From his research on wheat seeds at ARS' Columbia Plateau Conservation Research Center in Pendleton, Ore., as well as from studying previously published data, Wuest concluded that water vapor in the soil is actually what makes seeds germinate. With a relative humidity of close to 99 percent in soil, the seeds didn't need to be tightly compacted in the soil to grow. In fact, seeds that were separated from the soil by crop residue still germinated, because the vapor was able to reach them.
Wuest also found that, thanks to water vapor, seeds separated from soil by a layer of fiberglass cloth germinated just as well as those touching the soil. He was even able to germinate seeds suspended in air above water, using just the vapor rising from it.

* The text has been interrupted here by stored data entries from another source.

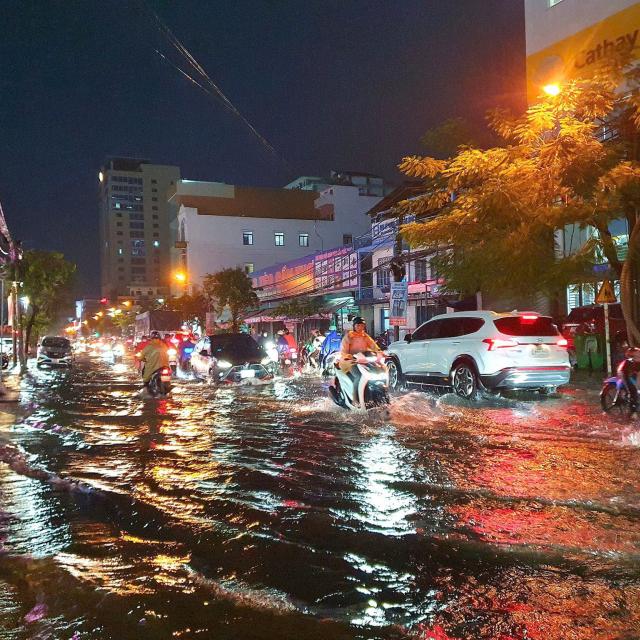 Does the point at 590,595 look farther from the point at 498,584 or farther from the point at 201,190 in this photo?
the point at 201,190

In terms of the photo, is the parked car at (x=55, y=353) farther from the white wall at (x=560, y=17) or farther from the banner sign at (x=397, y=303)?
the white wall at (x=560, y=17)

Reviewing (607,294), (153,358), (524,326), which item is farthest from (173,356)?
(607,294)

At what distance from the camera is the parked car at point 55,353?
33312mm

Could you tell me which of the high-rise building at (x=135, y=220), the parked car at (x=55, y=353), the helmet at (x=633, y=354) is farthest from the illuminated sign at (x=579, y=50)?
the high-rise building at (x=135, y=220)

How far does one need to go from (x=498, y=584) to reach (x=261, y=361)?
15.2m

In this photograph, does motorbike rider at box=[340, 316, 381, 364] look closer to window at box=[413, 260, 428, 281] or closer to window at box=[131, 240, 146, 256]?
window at box=[413, 260, 428, 281]

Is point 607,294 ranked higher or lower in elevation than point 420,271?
lower

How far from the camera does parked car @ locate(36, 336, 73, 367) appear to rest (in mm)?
33312

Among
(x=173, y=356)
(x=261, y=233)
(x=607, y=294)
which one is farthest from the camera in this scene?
(x=261, y=233)

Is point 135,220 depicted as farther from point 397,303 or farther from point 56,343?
point 397,303

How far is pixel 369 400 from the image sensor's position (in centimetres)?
1154

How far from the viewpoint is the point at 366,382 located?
37.4 ft

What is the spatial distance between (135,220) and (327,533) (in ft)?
549

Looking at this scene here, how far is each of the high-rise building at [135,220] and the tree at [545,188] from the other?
15028 centimetres
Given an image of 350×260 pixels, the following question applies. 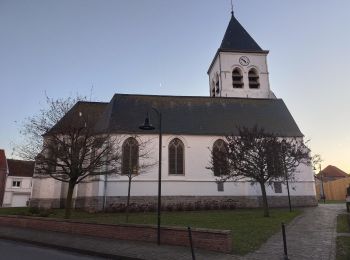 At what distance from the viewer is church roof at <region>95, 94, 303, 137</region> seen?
100ft

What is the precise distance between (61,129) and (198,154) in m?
13.6

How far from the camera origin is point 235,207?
95.0 ft

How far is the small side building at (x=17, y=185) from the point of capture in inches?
2119

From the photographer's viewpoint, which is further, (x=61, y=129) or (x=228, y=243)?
(x=61, y=129)

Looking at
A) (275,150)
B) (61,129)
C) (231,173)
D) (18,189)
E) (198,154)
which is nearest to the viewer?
(61,129)

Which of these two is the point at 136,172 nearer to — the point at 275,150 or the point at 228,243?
the point at 275,150

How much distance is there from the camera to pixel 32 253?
11.1 meters

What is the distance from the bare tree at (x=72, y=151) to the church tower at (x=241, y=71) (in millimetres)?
21086

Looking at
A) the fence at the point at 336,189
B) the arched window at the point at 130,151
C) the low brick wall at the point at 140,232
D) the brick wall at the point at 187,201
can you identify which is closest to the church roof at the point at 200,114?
the arched window at the point at 130,151

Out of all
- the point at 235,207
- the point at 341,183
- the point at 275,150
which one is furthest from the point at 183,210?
the point at 341,183

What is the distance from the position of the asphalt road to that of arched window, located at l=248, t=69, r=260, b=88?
3261cm

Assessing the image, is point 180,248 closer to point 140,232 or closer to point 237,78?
point 140,232

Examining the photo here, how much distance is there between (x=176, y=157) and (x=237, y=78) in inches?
610

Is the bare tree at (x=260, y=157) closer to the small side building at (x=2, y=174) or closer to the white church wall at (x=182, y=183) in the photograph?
the white church wall at (x=182, y=183) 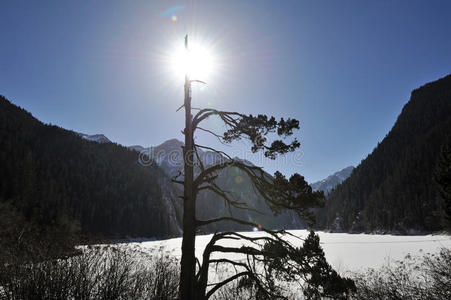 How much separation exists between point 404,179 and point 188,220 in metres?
129

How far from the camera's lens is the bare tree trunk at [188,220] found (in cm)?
557

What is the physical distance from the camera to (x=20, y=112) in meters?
149

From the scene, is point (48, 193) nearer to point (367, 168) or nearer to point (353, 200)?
point (353, 200)

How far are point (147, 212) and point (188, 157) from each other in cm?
12859

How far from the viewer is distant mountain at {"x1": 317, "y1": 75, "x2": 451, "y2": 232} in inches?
3339

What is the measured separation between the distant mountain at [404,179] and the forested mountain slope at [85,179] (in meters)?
103

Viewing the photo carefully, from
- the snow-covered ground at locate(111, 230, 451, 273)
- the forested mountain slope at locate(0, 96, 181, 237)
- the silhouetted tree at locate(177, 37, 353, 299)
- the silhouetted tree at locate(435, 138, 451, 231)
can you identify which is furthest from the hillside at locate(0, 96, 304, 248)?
the silhouetted tree at locate(177, 37, 353, 299)

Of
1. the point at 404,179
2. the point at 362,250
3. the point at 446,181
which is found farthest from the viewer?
the point at 404,179

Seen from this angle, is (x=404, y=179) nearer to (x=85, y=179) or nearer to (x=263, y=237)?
(x=263, y=237)

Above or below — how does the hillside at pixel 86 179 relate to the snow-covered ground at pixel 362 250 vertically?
above

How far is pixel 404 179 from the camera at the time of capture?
3954 inches

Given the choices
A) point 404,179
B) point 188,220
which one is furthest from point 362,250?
point 404,179

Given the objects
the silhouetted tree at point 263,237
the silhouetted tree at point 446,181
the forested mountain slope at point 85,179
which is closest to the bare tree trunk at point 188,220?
the silhouetted tree at point 263,237

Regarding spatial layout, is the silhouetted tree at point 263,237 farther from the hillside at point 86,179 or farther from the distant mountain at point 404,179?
the distant mountain at point 404,179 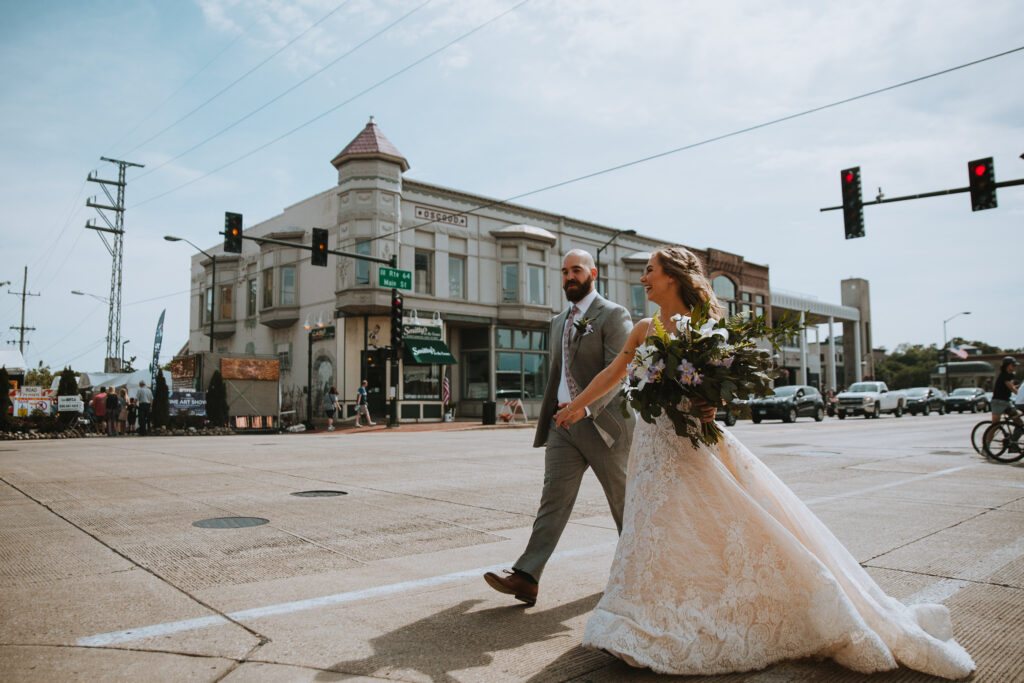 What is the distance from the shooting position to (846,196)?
1711 centimetres

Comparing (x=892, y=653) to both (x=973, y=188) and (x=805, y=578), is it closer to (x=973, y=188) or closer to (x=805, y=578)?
(x=805, y=578)

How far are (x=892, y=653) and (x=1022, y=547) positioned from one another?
3241mm

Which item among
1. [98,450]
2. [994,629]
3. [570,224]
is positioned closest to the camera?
[994,629]

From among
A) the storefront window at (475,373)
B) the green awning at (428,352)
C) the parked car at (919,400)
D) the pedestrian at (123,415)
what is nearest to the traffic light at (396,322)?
the green awning at (428,352)

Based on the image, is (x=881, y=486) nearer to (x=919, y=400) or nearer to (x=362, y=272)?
(x=362, y=272)

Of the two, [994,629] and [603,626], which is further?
[994,629]

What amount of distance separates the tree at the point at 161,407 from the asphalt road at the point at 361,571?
1616 cm

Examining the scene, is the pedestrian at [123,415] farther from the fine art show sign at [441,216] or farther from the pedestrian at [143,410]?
the fine art show sign at [441,216]

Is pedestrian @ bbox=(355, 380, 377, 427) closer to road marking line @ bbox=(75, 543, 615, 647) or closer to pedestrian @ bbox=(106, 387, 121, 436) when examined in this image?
pedestrian @ bbox=(106, 387, 121, 436)

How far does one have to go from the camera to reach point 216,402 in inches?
995

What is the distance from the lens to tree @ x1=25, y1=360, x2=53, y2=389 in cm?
5865

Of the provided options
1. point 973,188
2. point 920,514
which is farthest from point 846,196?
point 920,514

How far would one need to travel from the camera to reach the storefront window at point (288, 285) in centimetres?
3238

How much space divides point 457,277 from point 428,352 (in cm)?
420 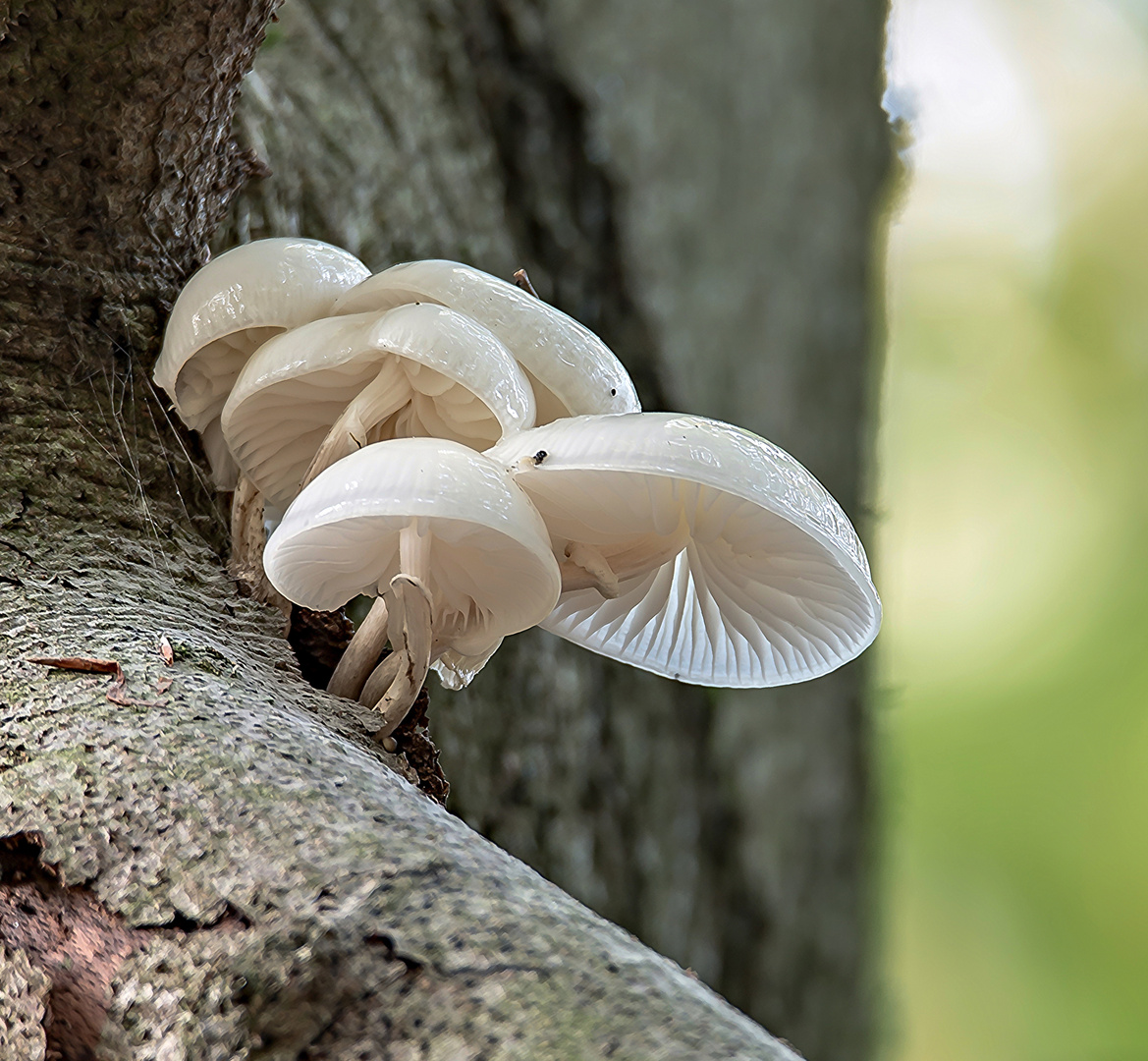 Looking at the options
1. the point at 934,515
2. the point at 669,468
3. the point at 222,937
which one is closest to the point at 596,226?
the point at 669,468

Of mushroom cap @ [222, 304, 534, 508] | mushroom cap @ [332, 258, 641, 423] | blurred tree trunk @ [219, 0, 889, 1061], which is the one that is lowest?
mushroom cap @ [222, 304, 534, 508]

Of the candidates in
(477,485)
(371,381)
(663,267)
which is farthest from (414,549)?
(663,267)

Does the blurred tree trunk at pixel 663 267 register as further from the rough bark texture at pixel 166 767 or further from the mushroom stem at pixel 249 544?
the mushroom stem at pixel 249 544

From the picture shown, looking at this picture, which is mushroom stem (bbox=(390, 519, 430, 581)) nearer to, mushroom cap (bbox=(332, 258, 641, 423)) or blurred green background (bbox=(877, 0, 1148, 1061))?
mushroom cap (bbox=(332, 258, 641, 423))

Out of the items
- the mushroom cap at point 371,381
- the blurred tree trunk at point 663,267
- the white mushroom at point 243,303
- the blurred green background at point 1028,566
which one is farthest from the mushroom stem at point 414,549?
the blurred green background at point 1028,566

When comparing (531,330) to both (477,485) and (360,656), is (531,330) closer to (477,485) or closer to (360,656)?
(477,485)

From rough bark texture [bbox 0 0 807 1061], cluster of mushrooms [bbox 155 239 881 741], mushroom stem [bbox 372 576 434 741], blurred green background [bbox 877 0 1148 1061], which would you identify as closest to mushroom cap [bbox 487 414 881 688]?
cluster of mushrooms [bbox 155 239 881 741]

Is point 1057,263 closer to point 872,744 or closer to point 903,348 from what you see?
point 903,348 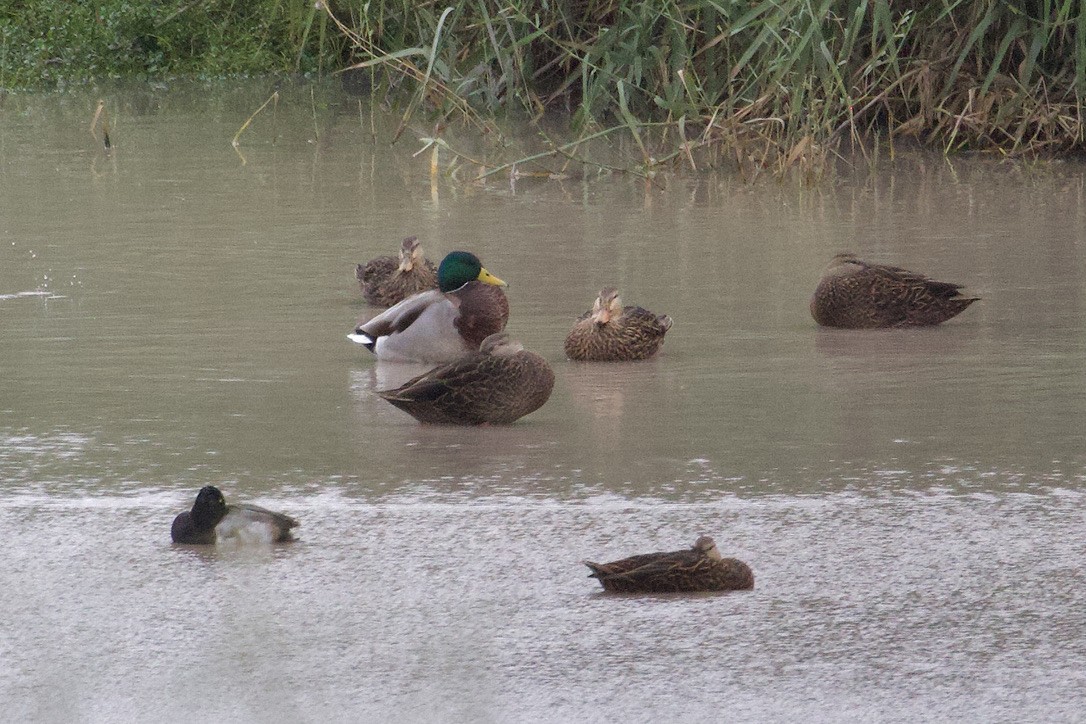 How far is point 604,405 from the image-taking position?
20.5ft

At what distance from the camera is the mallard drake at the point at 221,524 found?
4.50 m

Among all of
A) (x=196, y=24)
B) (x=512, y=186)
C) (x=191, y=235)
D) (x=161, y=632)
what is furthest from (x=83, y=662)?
(x=196, y=24)

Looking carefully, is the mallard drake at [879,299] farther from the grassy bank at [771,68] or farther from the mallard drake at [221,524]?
the grassy bank at [771,68]

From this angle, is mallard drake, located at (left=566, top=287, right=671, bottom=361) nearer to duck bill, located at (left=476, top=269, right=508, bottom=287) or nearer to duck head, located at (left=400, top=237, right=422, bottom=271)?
duck bill, located at (left=476, top=269, right=508, bottom=287)

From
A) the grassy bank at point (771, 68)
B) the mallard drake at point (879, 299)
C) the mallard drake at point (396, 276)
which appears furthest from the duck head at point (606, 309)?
the grassy bank at point (771, 68)

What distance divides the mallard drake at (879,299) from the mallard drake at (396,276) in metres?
1.67

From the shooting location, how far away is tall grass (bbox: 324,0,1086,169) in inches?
464

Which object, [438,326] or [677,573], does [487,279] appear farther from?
[677,573]

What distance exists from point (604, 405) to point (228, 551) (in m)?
2.02

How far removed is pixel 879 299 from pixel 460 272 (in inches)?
66.1

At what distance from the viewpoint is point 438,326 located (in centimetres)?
704

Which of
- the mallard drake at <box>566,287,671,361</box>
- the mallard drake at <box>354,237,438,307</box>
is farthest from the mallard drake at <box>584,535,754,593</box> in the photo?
the mallard drake at <box>354,237,438,307</box>

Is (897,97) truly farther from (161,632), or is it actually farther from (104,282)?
(161,632)

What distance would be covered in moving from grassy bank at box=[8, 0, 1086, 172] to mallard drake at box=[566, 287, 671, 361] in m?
4.48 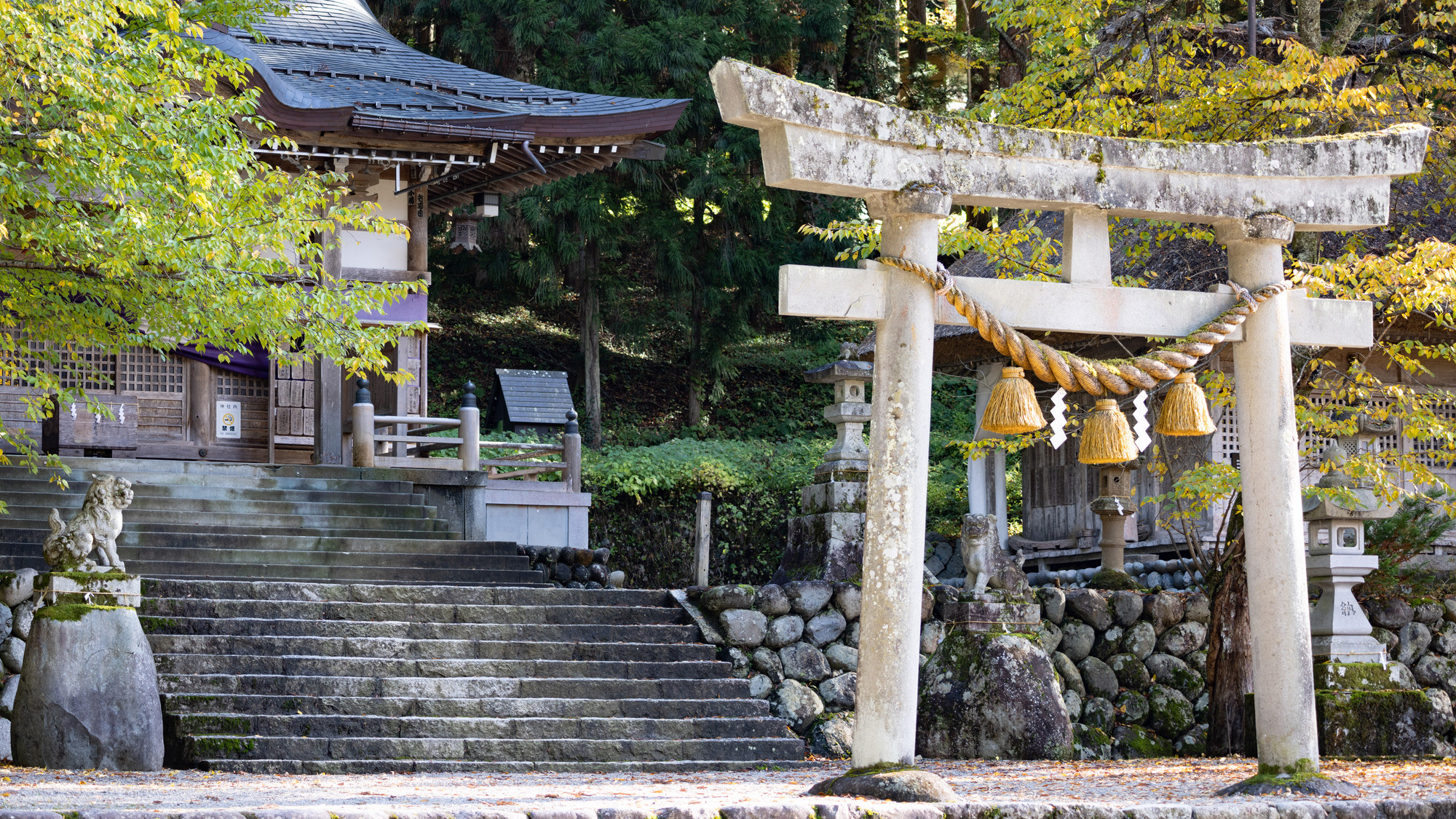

Water vapor is all around us, measured as humidity. That's what makes a dry cracker left out in a room with high humidity turn soggy from absorption of water from the air. Similarly, seeds are able to absorb their needed water from vapor in the soil. In fact, liquid water is not nearly as important as previously thought and may only account for 15 percent of water taken up by germinating seeds.
In light of this discovery, approaches to water absorption models and measurement techniques may need to be changed. The design of some seeding equipment may also change, since actual seed-soil contact is not as important as earlier believed. Emphasis is likely to shift to tactics for retaining water vapor near the seed.
Findings from Wuest's research were published in a recent issue of the Soil Science Society of America Journal.
ARS is the U.S. Department of Agriculture's chief scientific research agency.